Supplied records:
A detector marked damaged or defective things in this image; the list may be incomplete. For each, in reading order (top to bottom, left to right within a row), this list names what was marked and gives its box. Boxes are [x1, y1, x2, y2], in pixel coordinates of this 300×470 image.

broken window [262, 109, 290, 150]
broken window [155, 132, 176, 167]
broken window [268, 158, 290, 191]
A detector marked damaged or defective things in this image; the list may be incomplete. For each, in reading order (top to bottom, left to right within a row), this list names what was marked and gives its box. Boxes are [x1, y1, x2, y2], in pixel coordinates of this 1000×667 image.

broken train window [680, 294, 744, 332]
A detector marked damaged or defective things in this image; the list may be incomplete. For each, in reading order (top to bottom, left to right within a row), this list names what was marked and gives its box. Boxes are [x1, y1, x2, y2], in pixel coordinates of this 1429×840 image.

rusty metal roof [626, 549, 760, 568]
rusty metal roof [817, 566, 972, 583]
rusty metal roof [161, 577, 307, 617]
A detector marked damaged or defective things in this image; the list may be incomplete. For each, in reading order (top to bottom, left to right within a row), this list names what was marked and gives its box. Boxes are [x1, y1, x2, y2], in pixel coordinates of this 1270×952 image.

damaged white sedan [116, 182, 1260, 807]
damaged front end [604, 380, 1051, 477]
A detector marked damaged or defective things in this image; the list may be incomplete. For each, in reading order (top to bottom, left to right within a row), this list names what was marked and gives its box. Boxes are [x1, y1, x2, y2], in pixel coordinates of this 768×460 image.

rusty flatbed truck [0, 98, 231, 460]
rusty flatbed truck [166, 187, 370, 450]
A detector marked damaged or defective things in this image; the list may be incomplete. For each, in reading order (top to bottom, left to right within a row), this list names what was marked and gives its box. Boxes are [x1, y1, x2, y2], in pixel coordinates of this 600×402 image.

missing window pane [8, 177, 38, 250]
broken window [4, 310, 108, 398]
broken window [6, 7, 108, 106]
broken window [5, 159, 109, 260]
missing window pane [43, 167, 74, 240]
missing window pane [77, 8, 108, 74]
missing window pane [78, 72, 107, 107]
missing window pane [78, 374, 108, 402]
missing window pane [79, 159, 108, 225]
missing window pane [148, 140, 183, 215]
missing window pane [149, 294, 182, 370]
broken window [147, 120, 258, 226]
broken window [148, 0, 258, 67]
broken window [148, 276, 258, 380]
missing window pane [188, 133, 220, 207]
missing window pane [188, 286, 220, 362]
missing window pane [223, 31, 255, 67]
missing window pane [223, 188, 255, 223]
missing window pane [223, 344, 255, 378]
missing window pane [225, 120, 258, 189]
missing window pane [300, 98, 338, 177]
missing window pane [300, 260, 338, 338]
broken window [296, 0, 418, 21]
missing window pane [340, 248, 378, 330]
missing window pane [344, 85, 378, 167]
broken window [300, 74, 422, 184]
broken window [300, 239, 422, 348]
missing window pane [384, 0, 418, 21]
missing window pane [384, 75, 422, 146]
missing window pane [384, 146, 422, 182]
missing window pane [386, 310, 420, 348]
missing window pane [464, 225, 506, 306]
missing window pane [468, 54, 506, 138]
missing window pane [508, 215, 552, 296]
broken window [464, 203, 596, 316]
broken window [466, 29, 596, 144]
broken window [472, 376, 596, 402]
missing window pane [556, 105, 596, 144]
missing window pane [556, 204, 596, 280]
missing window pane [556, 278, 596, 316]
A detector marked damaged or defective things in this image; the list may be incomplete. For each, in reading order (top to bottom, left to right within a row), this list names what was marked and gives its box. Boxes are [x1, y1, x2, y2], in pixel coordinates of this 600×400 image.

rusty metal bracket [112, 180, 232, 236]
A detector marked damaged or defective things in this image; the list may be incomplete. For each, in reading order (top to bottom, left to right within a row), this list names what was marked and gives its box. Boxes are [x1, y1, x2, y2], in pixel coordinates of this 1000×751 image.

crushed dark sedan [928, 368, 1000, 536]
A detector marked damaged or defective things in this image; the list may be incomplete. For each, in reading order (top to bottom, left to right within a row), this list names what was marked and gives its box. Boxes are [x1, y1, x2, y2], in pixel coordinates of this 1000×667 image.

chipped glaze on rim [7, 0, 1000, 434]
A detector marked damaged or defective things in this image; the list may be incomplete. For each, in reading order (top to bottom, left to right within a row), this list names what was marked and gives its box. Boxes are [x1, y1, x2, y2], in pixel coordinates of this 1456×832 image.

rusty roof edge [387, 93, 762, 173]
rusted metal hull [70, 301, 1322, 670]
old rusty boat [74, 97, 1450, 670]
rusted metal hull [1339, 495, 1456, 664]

Requirement:
Reproduce, word for word, every line starting at the line that contains "this 1456×832 image." and ending with the final line of the entries.

Answer box:
A detector marked damaged or defective things in this image; the list may be incomplete. For each, in reading order (top to bottom, left to right within a row), this list names what was marked and gives its box. Boxes are [x1, y1, x2, y2], in pixel coordinates of this 1456×832 image.

rusty roof edge [387, 93, 762, 173]
rusted metal hull [70, 301, 1322, 670]
old rusty boat [74, 97, 1450, 670]
rusted metal hull [1339, 495, 1456, 664]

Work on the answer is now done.